NRC Continues to Respond to Irma

Update (Sept. 12, 2017 4:15 p.m. EST):

Late Monday afternoon, Hurricane Irma had diminished to the point that the NRC exited monitoring mode and stopped staffing the Region II Incident Response Center in Atlanta. (The Operations Center at NRC headquarters in Maryland remains staffed 24/7 as usual.) Neither the Turkey Point nuclear plant nor the St. Lucie nuclear plant, both in Florida, lost offsite power during the storm, and both units at each plant are expected to be operating again this week. St. Lucie Unit 2 remained at full power throughout the storm, and Florida Power & Light tells the NRC it expects to restart St. Lucie Unit 1 today after local emergency management officials confirm they could implement their emergency plans for the plant. FPL has also indicated that it plans to restart both units at Turkey Point after emergency officials in South Florida provide the same assurances for the site. The NRC has returned to its normal inspection and oversight of Turkey Point, St. Lucie, and the other plants in the Southeast and will begin to evaluate lessons learned from Hurricane Irma in preparation for future storms that may affect nuclear plants.

Roger Hannah
Senior Public Affairs Officer, Region II

(Sept. 11, 2017): As Irma (now a tropical storm) continues to track through the southeast, the NRC continues to monitor its path and the nuclear power plants potentially along that route.

Turkey Point Unit 3, in south Florida, remains safely shut down, as it has been since Saturday. Operators at the Turkey Point plant shut down Unit 4 just before 7 p.m. Sunday evening due to a valve issue. The shutdown was uncomplicated, the plant is in a safe condition, and winds and rain have diminished at the site such that the plant staff exited their declaration of an unusual event at 4 a.m.

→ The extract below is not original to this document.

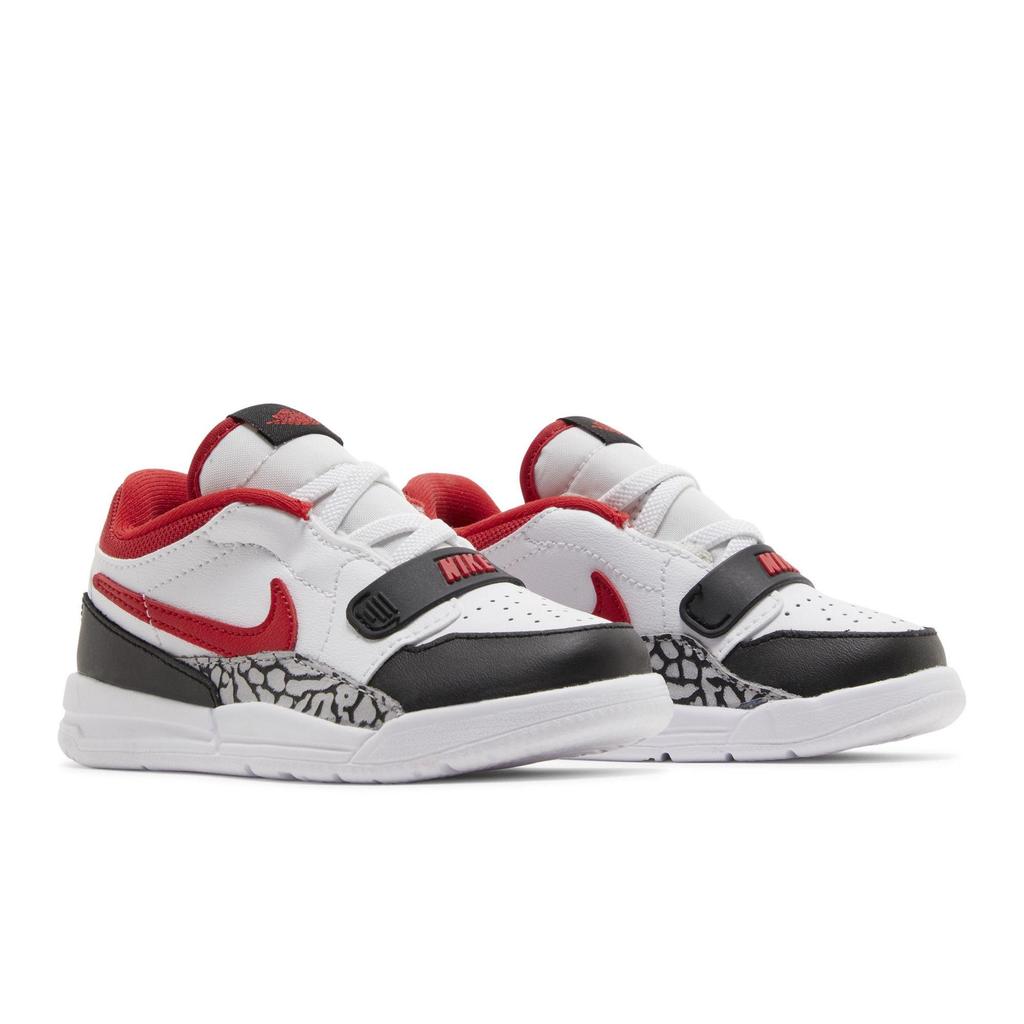 Air Jordan Legacy 312 Low Toddler 'Fire Red' (Unisex) White / Fire Red / Black / Wolf Grey Toddler Shoes CD9056 160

Three NRC resident inspectors remain at the site, but the agency is now assessing steps to return to its normal inspection staffing within the next day or two.

At St. Lucie, also in Florida, operators are reducing power on Unit 1 due to salt buildup on insulators in the switchyard that supplies offsite power and plant employees are working to resolve this situation. St. Lucie Unit 2 remains at full power. Two NRC resident inspectors remain at the site, but it is expected that NRC will return to normal inspection staffing at this site, also within a day or two.

As of Monday morning, the Region II Incident Response Center staff is monitoring potential effects from the storm on the Hatch nuclear plant in south Georgia and the Farley nuclear plant in south Alabama. The two units at Hatch and the two units at Farley are currently at full power. Even though the staffs at both sites have completed storm preparations, it appears that projected winds will not be strong enough to affect plant operations at these two locations.

The NRC’s Region II continues to be in monitoring mode and the Incident Response Center in Atlanta is staffed. However, predicted wind and rain from the storm has prompted the closure of the Region II office as well as other federal agencies in the area.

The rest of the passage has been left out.